**Task prompt**
Here are some records; return them all exactly.

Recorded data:
——
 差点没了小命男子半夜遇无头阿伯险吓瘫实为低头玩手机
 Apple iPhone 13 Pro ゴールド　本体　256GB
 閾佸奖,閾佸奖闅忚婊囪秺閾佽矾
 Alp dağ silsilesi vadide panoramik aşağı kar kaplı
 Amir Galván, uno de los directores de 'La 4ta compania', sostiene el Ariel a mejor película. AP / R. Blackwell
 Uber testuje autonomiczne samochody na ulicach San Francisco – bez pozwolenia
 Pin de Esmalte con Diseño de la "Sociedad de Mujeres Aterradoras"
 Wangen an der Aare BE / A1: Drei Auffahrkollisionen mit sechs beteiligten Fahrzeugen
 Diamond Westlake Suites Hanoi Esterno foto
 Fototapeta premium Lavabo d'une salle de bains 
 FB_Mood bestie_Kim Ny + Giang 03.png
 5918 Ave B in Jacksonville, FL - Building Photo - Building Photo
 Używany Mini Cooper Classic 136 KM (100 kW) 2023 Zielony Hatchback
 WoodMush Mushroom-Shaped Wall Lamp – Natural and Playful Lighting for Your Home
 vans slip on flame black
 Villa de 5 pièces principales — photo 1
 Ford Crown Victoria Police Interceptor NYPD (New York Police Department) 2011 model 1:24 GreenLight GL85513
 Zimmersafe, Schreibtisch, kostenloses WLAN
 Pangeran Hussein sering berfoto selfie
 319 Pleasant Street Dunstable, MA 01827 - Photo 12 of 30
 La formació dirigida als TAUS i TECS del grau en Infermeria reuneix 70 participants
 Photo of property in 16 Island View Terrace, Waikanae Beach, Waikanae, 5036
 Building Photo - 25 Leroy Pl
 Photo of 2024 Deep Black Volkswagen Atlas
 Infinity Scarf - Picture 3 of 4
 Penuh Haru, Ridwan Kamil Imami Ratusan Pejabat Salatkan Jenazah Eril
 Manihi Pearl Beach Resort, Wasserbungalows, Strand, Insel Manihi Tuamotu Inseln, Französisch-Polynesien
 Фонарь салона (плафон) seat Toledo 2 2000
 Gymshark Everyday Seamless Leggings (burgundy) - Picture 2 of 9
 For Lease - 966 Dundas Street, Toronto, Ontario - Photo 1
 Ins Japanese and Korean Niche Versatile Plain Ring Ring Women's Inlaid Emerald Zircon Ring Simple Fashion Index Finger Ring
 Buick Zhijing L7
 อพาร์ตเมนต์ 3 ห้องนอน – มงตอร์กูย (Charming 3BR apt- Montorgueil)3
——
**Exercise result**
 差点没了小命男子半夜遇无头阿伯险吓瘫实为低头玩手机
 Apple iPhone 13 Pro ゴールド　本体　256GB
 閾佸奖,閾佸奖闅忚婊囪秺閾佽矾
 Alp dağ silsilesi vadide panoramik aşağı kar kaplı
 Amir Galván, uno de los directores de 'La 4ta compania', sostiene el Ariel a mejor película. AP / R. Blackwell
 Uber testuje autonomiczne samochody na ulicach San Francisco – bez pozwolenia
 Pin de Esmalte con Diseño de la "Sociedad de Mujeres Aterradoras"
 Wangen an der Aare BE / A1: Drei Auffahrkollisionen mit sechs beteiligten Fahrzeugen
 Diamond Westlake Suites Hanoi Esterno foto
 Fototapeta premium Lavabo d'une salle de bains 
 FB_Mood bestie_Kim Ny + Giang 03.png
 5918 Ave B in Jacksonville, FL - Building Photo - Building Photo
 Używany Mini Cooper Classic 136 KM (100 kW) 2023 Zielony Hatchback
 WoodMush Mushroom-Shaped Wall Lamp – Natural and Playful Lighting for Your Home
 vans slip on flame black
 Villa de 5 pièces principales — photo 1
 Ford Crown Victoria Police Interceptor NYPD (New York Police Department) 2011 model 1:24 GreenLight GL85513
 Zimmersafe, Schreibtisch, kostenloses WLAN
 Pangeran Hussein sering berfoto selfie
 319 Pleasant Street Dunstable, MA 01827 - Photo 12 of 30
 La formació dirigida als TAUS i TECS del grau en Infermeria reuneix 70 participants
 Photo of property in 16 Island View Terrace, Waikanae Beach, Waikanae, 5036
 Building Photo - 25 Leroy Pl
 Photo of 2024 Deep Black Volkswagen Atlas
 Infinity Scarf - Picture 3 of 4
 Penuh Haru, Ridwan Kamil Imami Ratusan Pejabat Salatkan Jenazah Eril
 Manihi Pearl Beach Resort, Wasserbungalows, Strand, Insel Manihi Tuamotu Inseln, Französisch-Polynesien
 Фонарь салона (плафон) seat Toledo 2 2000
 Gymshark Everyday Seamless Leggings (burgundy) - Picture 2 of 9
 For Lease - 966 Dundas Street, Toronto, Ontario - Photo 1
 Ins Japanese and Korean Niche Versatile Plain Ring Ring Women's Inlaid Emerald Zircon Ring Simple Fashion Index Finger Ring
 Buick Zhijing L7
 อพาร์ตเมนต์ 3 ห้องนอน – มงตอร์กูย (Charming 3BR apt- Montorgueil)3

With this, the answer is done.